Let $(\Omega,\mathcal{F},P)$ be a probability space and let $X: \Omega \to S \subset \mathbb{R}$, $Y: \Omega \to T \subset \mathbb{R}$ be random variables.

Let $P^X(\cdot \mid \cdot): \mathcal{F} \times S \to \mathbb{R}$ be the regular conditional probability of $P$ given $X$. Then $$ \rm{E}[Y \mid X=x] = \int_\Omega Y(\omega)\, P^X(d\omega | x). \qquad (1) $$ Let $P_{Y \mid X}(\cdot \mid \cdot): \mathcal{B}(T) \times S \to \mathbb{R}$ be the regular conditional distribution of $Y$ given $X$. Then $$ \int_\Omega Y(\omega)\, P^X(\rm{d}\omega | x) = \int_T y\, P_{Y \mid X}(\rm{d}y | x). \qquad (2) $$ Finally, recall for fixed $x \in S$ that the mapping $B \mapsto P_{Y \mid X}(B \mid x)$ is a probability measure on $(T,\mathcal{B}(T))$ for $B \in \mathcal{B}$ by definition of a regular conditional distribution.

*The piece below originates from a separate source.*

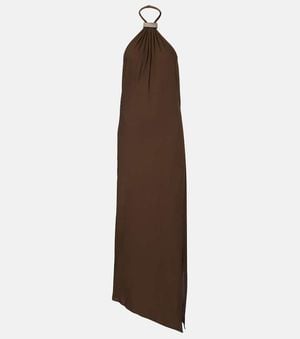 The Attico Halterneck Open-Back Midi Dress - Brown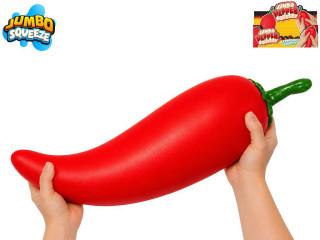 Mega Squeeze Jumbo strečová chilli paprička 24 cm - mačkací antistresová hračka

Let $\lambda$ be the Lebesgue measure on $(T,\mathcal{B}(T))$. Then for fixed $x \in S$, since $P_{Y \mid X}(B|x)$ and $\lambda$ are $\sigma$-finite on $(T,\mathcal{B}(T))$, if $P_{Y \mid X}(\cdot \mid x) << \lambda$ then there exists a Radon-Nikodym derivative denoted by $h(\cdot \mid x): T \to \mathbb{R}$ such that $$ \int_T y\, P_{Y \mid X}(\rm{d}y | x) = \int_T y\, h(y|x)\, \lambda(\rm{d}y). \qquad (3) $$ Assuming (1) - (3) are correct, we get $$ \rm{E}[Y \mid X=x] = \int_\Omega Y(\omega)\, P^X(d\omega | x) = \int_T y\, P_{Y \mid X}(\rm{d}y | x) = \int_T y\, h(y|x)\, \lambda(\rm{d}y). $$

Does everything seem correct? Any suggestions for improving this exposition?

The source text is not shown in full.